Parallèlement, les pays européens les plus proches, tels que l’Italie et Malte ferment leurs ports aux navires civils de sauvetage, comme l’a encore démontré récemment l’actualité de l’Aquarius : en juin 2018, alors que les conditions météo étaient mauvaises, aucun port européen n’a souhaité accueillir l’Aquarius même si la Convention SAR les y oblige. Aujourd’hui, les Etats européens appliquent la technique du « one-shot », ne parvenant pas à s’entendre sur une politique d’accueil des naufragés. Mais ce mécanisme ne peut perdurer et laisser les navires toujours plus incertains de leur sort. C’est finalement Valence qui ouvrait ses portes, mais Gibraltar qui ôtait le pavillon au navire de sauvetage. L’Aquarius a pu repartir sous pavillon panaméen, mais de nouveau aujourd’hui, l’action du navire est menacée puisque le Panama est en procédure pour retirer à son tour le pavillon. Dans un avenir proche, l’Aquarius souhaite repartir en mer au moins pour faire de l’information et du témoignage si toutefois le pavillon ne lui était pas accordé pour procéder à des sauvetages en mer.

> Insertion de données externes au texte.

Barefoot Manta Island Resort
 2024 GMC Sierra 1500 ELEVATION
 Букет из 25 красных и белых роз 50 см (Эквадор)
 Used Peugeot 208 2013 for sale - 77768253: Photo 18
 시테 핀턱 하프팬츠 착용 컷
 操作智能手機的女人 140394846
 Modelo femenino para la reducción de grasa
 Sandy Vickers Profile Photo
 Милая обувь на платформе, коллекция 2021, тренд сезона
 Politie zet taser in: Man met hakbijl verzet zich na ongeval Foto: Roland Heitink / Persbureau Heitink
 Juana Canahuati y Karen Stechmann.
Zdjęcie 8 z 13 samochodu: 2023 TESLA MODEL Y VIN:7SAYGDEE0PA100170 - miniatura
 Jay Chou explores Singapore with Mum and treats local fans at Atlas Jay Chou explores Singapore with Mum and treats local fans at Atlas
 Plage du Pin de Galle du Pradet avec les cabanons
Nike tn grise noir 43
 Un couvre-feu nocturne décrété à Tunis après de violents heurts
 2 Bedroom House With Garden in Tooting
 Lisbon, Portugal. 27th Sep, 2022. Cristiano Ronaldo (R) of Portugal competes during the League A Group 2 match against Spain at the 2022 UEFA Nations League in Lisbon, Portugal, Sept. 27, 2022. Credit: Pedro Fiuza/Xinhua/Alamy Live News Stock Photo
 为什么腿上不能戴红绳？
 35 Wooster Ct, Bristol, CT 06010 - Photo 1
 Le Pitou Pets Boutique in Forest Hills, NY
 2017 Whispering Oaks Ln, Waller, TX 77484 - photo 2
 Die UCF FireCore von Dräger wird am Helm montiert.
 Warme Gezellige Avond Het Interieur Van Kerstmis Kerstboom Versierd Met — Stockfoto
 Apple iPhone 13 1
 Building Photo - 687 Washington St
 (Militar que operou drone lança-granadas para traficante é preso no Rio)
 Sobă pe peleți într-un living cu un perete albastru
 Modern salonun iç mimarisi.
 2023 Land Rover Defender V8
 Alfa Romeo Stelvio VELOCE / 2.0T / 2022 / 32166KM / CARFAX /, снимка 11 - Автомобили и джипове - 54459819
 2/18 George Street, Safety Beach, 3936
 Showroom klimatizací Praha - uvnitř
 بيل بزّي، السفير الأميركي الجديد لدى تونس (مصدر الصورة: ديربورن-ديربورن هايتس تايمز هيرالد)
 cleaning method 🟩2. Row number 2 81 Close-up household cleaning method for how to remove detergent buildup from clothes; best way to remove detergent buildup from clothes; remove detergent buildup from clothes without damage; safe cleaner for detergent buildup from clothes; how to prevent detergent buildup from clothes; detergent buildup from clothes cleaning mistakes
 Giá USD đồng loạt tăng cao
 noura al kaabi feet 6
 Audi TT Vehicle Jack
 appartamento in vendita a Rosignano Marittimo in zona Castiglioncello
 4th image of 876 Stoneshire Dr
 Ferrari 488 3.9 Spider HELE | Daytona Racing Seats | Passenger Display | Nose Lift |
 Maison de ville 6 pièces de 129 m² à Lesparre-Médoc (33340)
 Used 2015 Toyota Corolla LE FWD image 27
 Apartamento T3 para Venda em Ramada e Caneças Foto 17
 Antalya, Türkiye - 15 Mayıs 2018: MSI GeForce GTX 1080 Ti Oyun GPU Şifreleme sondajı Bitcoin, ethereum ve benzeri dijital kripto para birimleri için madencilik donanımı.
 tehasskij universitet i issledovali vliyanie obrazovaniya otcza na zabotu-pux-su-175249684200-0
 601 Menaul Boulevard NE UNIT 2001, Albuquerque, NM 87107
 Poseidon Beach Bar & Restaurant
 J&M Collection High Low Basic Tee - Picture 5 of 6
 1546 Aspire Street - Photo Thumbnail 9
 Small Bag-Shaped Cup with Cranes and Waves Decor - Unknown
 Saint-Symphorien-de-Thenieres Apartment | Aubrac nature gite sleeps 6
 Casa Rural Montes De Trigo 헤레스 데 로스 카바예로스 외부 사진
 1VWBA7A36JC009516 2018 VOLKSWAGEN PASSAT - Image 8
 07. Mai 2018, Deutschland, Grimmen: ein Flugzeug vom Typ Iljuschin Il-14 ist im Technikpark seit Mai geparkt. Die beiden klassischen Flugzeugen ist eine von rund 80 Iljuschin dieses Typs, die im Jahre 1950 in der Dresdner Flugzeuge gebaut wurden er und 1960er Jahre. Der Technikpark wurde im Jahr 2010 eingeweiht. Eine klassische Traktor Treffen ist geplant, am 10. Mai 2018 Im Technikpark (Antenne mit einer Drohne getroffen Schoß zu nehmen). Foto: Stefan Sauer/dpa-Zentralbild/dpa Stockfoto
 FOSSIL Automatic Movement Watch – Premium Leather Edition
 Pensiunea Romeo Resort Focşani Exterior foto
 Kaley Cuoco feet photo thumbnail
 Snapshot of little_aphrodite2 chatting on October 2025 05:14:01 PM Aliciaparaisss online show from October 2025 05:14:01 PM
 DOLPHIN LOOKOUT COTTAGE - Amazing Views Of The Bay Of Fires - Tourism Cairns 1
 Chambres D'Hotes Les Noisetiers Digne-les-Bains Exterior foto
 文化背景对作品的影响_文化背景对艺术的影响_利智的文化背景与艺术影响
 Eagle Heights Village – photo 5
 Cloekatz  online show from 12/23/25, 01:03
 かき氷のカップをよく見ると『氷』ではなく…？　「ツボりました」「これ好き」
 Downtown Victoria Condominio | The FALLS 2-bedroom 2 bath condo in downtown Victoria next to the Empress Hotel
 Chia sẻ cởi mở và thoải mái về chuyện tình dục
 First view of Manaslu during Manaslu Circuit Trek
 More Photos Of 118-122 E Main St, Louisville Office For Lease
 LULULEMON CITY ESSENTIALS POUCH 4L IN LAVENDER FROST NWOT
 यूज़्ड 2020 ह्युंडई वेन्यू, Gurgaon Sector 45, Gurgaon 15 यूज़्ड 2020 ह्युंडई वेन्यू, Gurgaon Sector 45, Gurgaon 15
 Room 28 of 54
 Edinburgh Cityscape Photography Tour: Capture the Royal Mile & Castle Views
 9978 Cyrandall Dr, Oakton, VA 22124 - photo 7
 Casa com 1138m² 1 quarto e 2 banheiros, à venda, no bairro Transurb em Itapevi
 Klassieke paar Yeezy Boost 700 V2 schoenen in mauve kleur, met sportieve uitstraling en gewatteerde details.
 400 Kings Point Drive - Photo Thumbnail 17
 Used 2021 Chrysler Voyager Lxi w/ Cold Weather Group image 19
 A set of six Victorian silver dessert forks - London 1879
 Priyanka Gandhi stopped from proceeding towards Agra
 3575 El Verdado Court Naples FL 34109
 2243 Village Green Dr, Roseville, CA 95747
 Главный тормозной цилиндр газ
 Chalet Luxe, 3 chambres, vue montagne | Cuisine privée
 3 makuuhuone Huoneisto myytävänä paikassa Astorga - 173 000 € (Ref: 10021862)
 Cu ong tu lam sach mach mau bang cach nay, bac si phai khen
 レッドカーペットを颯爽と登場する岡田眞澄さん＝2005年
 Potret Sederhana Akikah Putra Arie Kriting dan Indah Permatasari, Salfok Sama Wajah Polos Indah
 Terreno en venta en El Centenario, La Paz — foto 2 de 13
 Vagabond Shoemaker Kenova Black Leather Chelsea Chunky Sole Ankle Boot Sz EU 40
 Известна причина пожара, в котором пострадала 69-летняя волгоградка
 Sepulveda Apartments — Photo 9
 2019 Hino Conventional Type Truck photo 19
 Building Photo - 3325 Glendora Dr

C’est ainsi que le 1er octobre 2018, Stéphane Broc’h nous partageait ses inquiétudes concernant l’avenir de l’Aquarius et du sauvetage en mer… Un peu plus d’un mois après cette rencontre, alors que l’Aquarius était encore bloqué à Marseille, l’Italie demande la mise sous séquestre du navire, accusant SOS Mediterannée et MSF d’avoir fait passer 24 tonnes de déchets toxiques sur le territoire italien… C’est l’attaque de trop, les deux associations décident de dé-affréter le navire, devenu malgré lui la cible symbolique pour les politiques européennes anti-migrations. Mais Stéphane Broc’h nous a confié depuis que l’équipe de SOS Méditerranée reste positive : en attendant de pouvoir retourner sur l’eau pour sauver des vies, ils axent leur action sur la sensibilisation des populations à l’ampleur de la catastrophe humanitaire qui se déroule encore aujourd’hui, sous nos yeux, en Méditerranée.


 


Sophie Blevin et Alicia Souquet, étudiantes en master 2 droit public parcours international et européen à l’Université d’Angers. Participent dans le cadre de la Clinique juridique à soutenir juridiquement l’action de SOS Méditerranée depuis septembre dernier.